Али-Баба зажмурился, отдавшись на милость раскаленной волне желания, прокатившейся по телу. Он так и не сумел увидеть ее лица. Неизвестная… чужачка… и все же ему знакомы ее ласки… атласно-нежная кожа… гордые, набухшие истомой груди… сверкающий каскад волос, струившихся по обнаженным плечам. Да, он знал ее, алчным, нетерпеливым познанием страстного любовника.
Полные упругие холмики переполнили его ладони, но Али-Баба, не переставая ласкать женщину, вонзился в гостеприимный грот. Кровь лихорадочно пульсировала в жилах, обволакивающее влажное тепло наполняло его почти нестерпимым наслаждением, и Али-Баба со всхлипом втянул в себя воздух, едва не теряя рассудок, сгорая в беспощадном пламени.
Огненная греза.
Безумная мечта.
Причудливая фантазия.
Женщина, трепеща в его объятиях, выгнулась, насаживая себя до конца на твердокаменную плоть, обволакивая его шелковистой паутиной. Его руки нетерпеливо скользнули по ее телу, застыли на мгновение в роскошных прядях, зарылись в длинные локоны. Но когда он попытался привлечь ее к себе, припасть поцелуем к губам, увидеть бесконечно любимое лицо, она отстранилась.
— Не спеши, любовь моя, — прошептала она голосом таким же неуловимо-прекрасным, как таинственный лунный свет. — У нас впереди целая вечность.
Вечность…
Слово, вселившее новые надежды в его израненную тайнами и утратами душу. Она снова вывернулась, гибкая, ловкая, и, сжав коленями его бедра, начала бешеную чувственную скачку, подогревая напряжение, с каждой секундой нараставшее в нем, раздувая огненные языки с каждым мягким толчком.
Стиснув зубы, он старался держать в узде разбушевавшиеся желания, пытался отразить нежные, но настойчивые атаки. Ему хотелось исступленно врезаться в нее, дать волю буйной похоти, брать снова и снова, пока оба не лишатся рассудка…
Уже не сознавая, что делает, он из последних сил поднял бедра и погрузился бесконечно глубоко…
Она откинула голову, пронзительно закричала и, задрожав как в ознобе, стала извиваться, невероятно возбуждая его. Новый прилив желания, мучительного и отчаянного, пронзил его чресла в неукротимом, великолепном, ненасытном восторге наслаждения…
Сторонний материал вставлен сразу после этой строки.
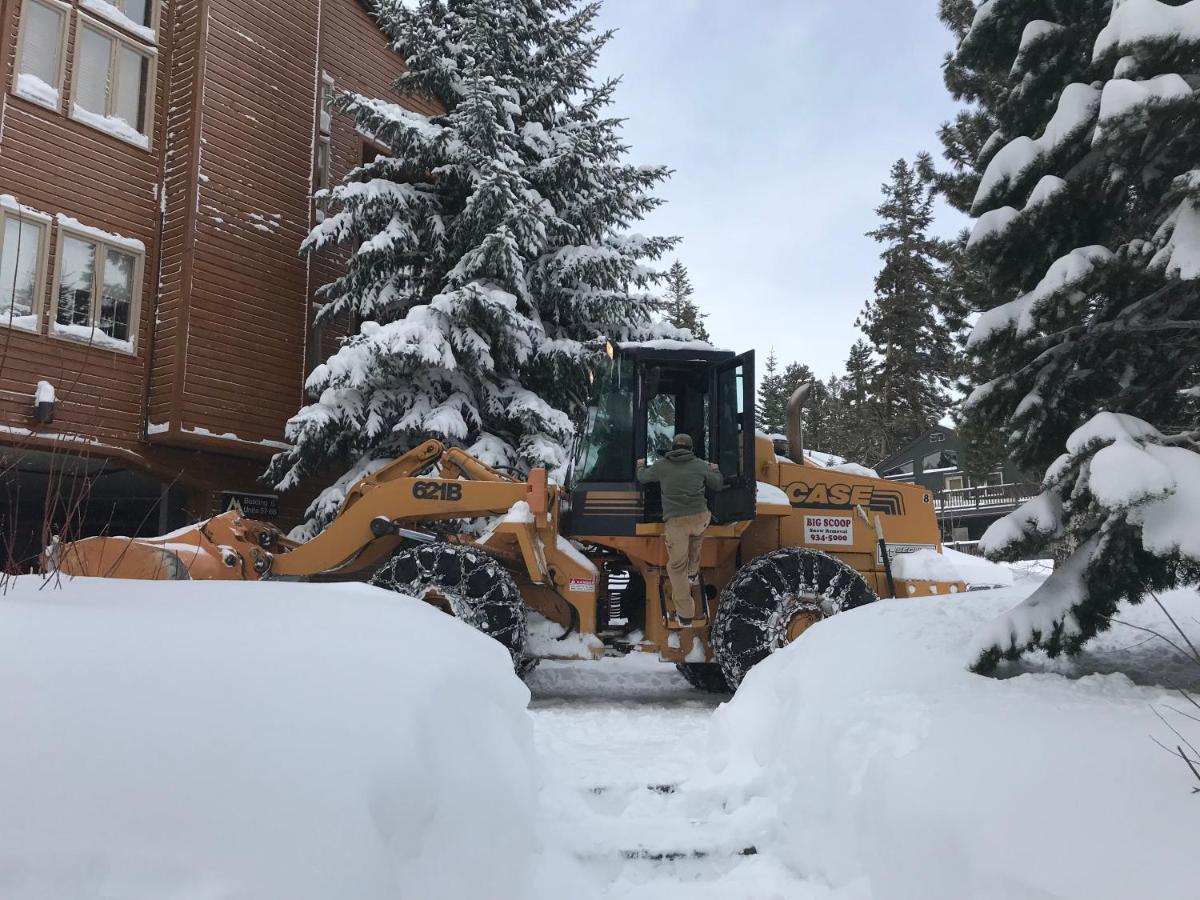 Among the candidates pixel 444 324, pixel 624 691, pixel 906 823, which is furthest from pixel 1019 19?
pixel 444 324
Али-Баба, застонав, пришел в себя; но хриплый крик страсти еще звучал в ушах…
— И-и-эх, — вновь закричала прекрасная женщина. Черты ее исказились, и она за один лишь миг превратилась в павлина, который кричал громко и отчаянно, временами срываясь на визг.
«О Аллах, повелитель правоверных, но павлины же не визжат… Более того, они и не кричат, подобно джиннам или ифритам…»
От этой мысли в голове Али-Бабы прояснилось и он открыл глаза.
— О Аллах всесильный, да пребудет твоя милость надо мной во веки веков… Это был всего лишь сон… — трудно передать облегчение, которое снизошло на душу юноши от одного лишь осознания этой истины.
Он попытался утереть испарину со лба и понял, что не может пошевелиться…
— Что со мной? — спросил он у незнакомого потолка в незнакомых покоях. — Я болен? Почему я не могу пошевелиться? Меня околдовали злые духи? Или это тоже сон?..
Многоголосый женский смех стал ему ответом. И тогда Али-Баба наконец повернул голову. Три, нет, четыре прекрасных женщины с открытыми лицами, без хиджабов стояли вокруг его ложа.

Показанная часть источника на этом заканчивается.